Example: You are a month or two into the semester. Once again, you wake up right on schedule, but when you stick your toe out of bed this morning, you notice how much warmer your bed is than the surrounding air. You rub your eyes, put on something snuggly so you can pretend you’re still in bed, and walk carefully to the bathroom to get ready for school.
Daytime prognosis: After a comforting shower that takes longer than you intended (and possibly proves that humans can sleep standing up), you feel ready to go.
3. “Please let me sleep in.”
Example: You are hovering between October and November. Your alarm goes off at six as usual, but you pretend not to hear it just to get the extra time it takes for your mom to walk in with a bucket of ice. You beg for five more minutes once she gets you to admit you’re awake, but she makes you get up anyway. You trudge moodily to get ready for another day of studying, tripping over every dent in the floor.
Daytime prognosis: You’ll be fine, but it will take a bit of effort. By the time the cold air outside hits your face, you are ready to begin your day without any serious mental deficiencies. This is getting ridiculous—sleep is one of your RIGHTS, and if the teachers don’t start respecting that, you might have to sue someone.
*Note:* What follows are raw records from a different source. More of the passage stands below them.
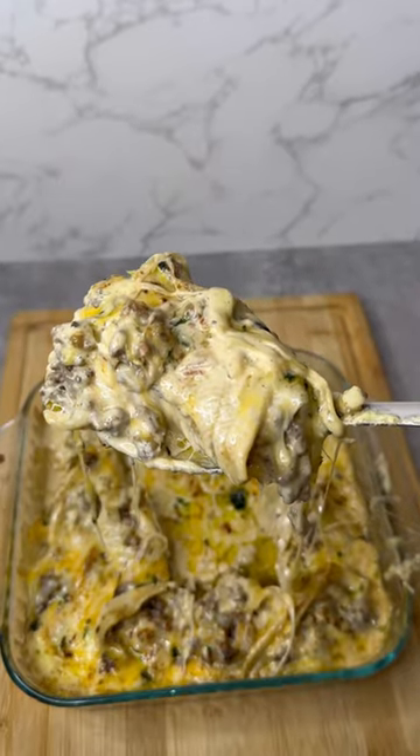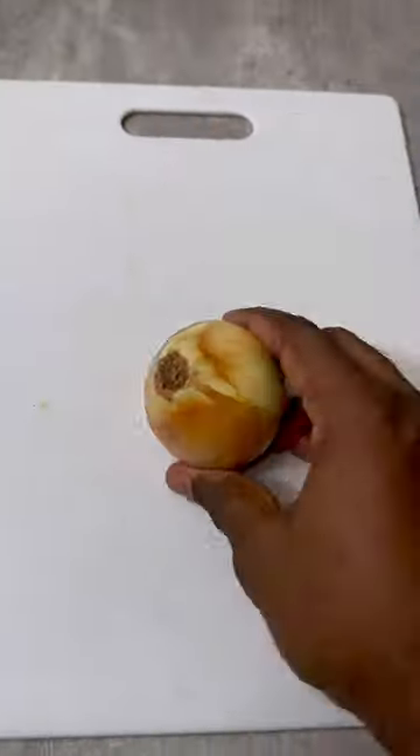Are you trying to make savory, creamy cheeseburger stuffed shells? Alright, let me show you how. Heat your oil.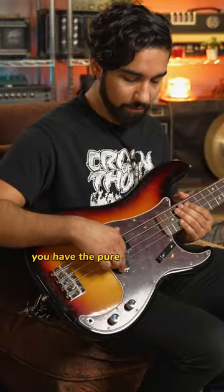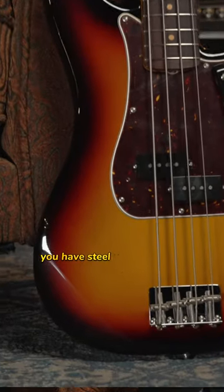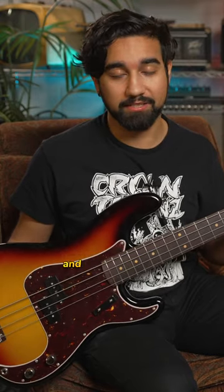You have the pure vintage 60s P-Bass pickups and steel vintage rolled saddles, so this is not only a collector's piece but a playing piece too. You can still take these out — they'll still be as strong as you'd normally expect from a Fender, and it'll sound great.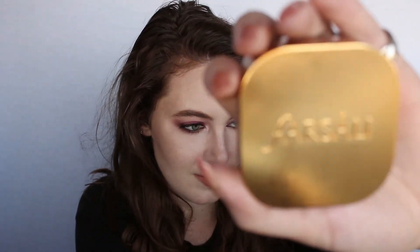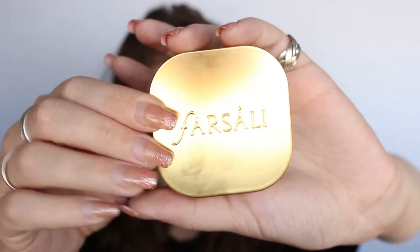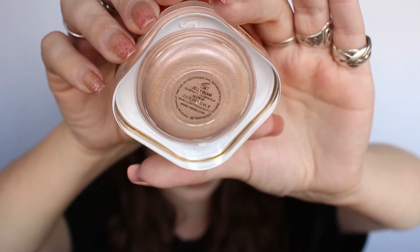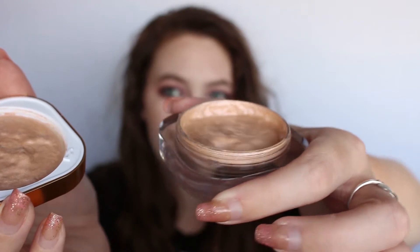First things first, packaging. Packaging is gorgeous — I will most assuredly give them that. It comes in a white box with very elegant gold script on it. The actual packaging has gold that says Farsali, and then you have the clear component where you can actually see the jelly. When you unscrew it, you can see the jiggle, the jelly factor. So I think the packaging on this is amazing and gorgeous — nothing to complain about.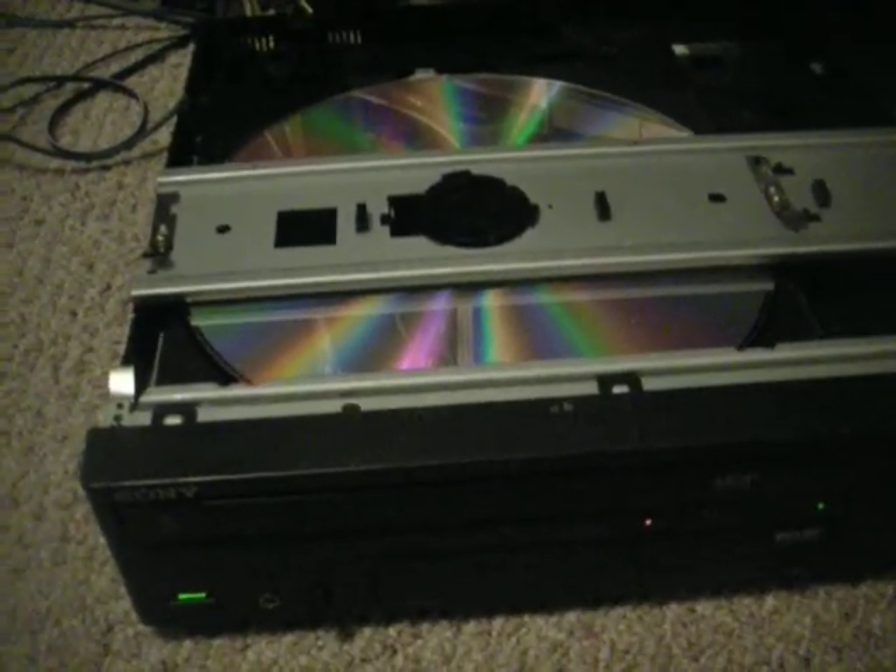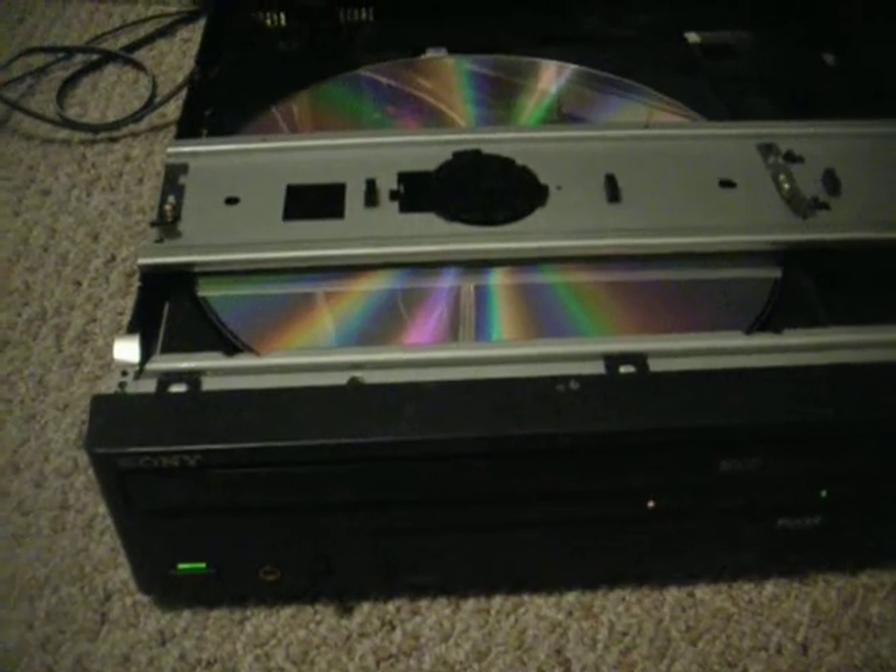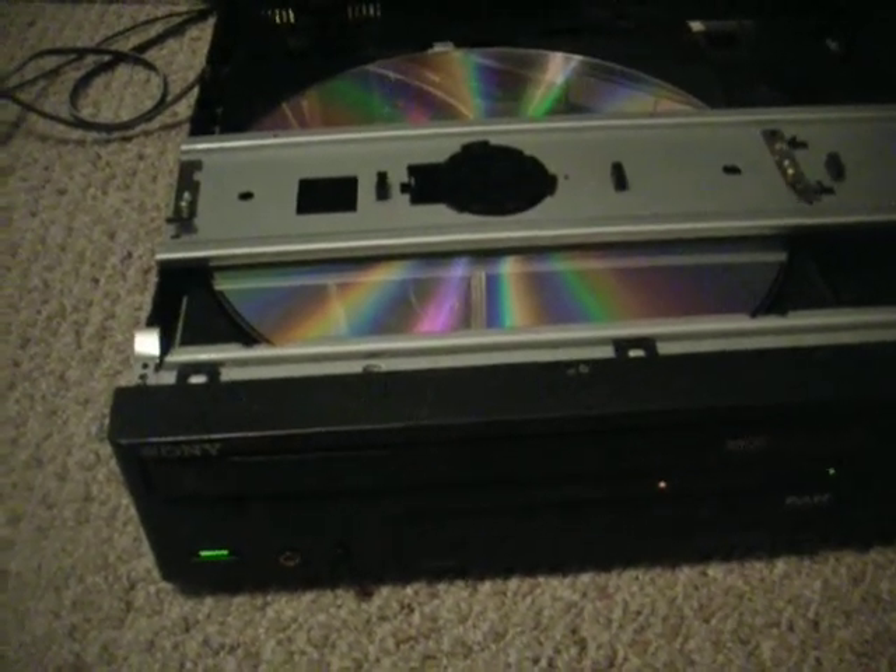It just sits there. I don't know what to do about it. If you have any ideas, let me know.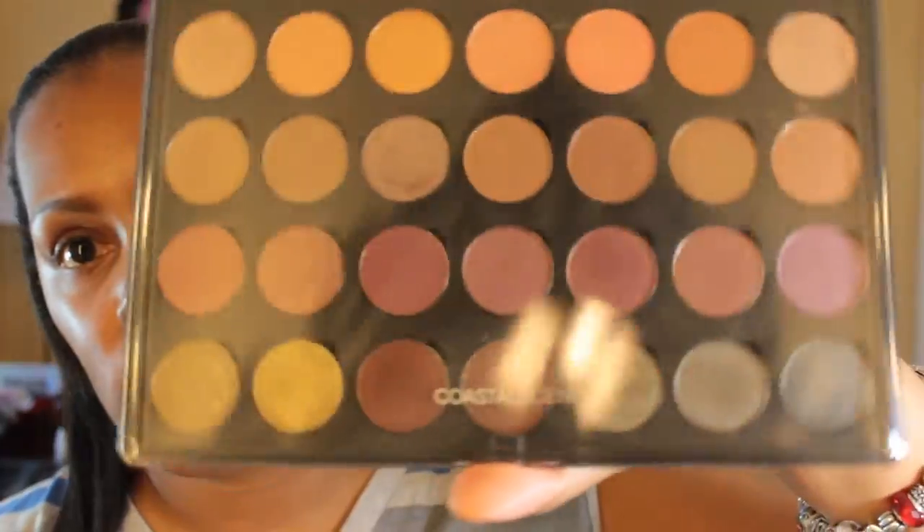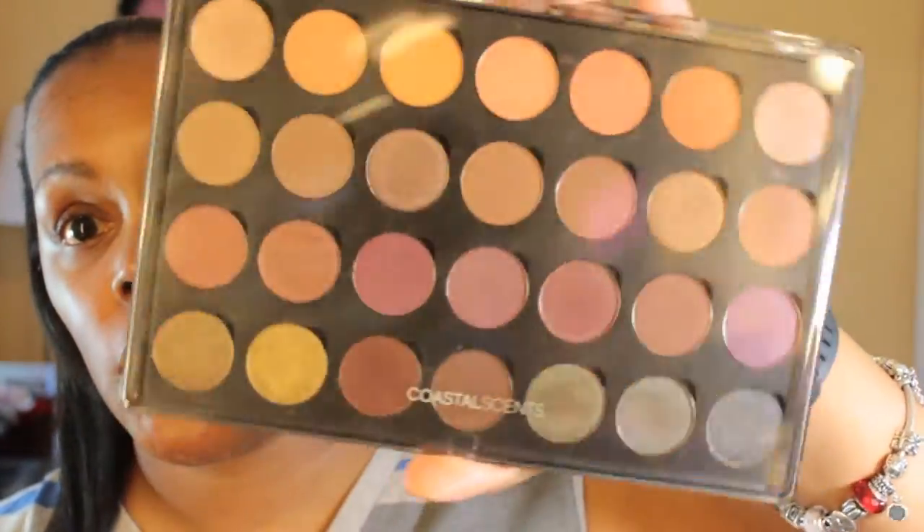I'm going to finish my eyes off with a coastal scents little hot pot palette — they had them on sale for 99 cents, so if you ever catch them on sale they are very good eyeshadows. I am going to start off with the perfect prep primer, which is not included in the kit. I did moisturize my face with some argan oil this morning after I washed it, so I'm just going to put a little bit of the primer on first, and then we'll get started with the foundation.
4. “Give me sleep or give me death!”
Example: You can’t believe that Thanksgiving break was so short. You actually don’t hear the alarm go off, and your mother is almost forced to use her bucket of ice. However, when she finally gets you awake, the dark circles under your eyes cause her to spring away, shouting questions about how the vampire got you. After you explain that the vampire was actually an AP essay, she tells you to go back to sleep, for once. When your five minutes are up, she has to shake you awake. You shuffle to the bathroom, clutching everything in sight in a sad attempt to keep yourself standing.
Daytime prognosis: You aren’t going to stay awake for all of school today, no matter how much coffee you drink. Spanish has been nap-time for weeks, and more important classes are going that way, too. You are in a constant state of mental, social, and emotional breakdown. You cry when you see someone smile, your favorite song comes on the radio, or when your teacher tells you that you’re number two in the class instead of number one.
5. “The world is made of beautiful rainbows!”
Example: It’s less than two weeks until finals. You get up easily because you’ve reached the point where your brain can’t distinguish this level of tiredness from the daytime level. Yourmom advises you to drop out of school, but you don’t know what she’s talking about. You crawl to the bathroom, falling over multiple times along the way, and once there, you forget what you came to do.
Daytime prognosis: You can’t get over how wonderful the whole world is, especially since many rainbows have appeared at your school overnight. You are probably operating on half a deck here, but that doesn’t—WAS THAT A UNICORN?!!
What stage are you at? We're at a hard 5. In fact, our eyes aren't even open right now—we're just THAT GOOD AT TYPING.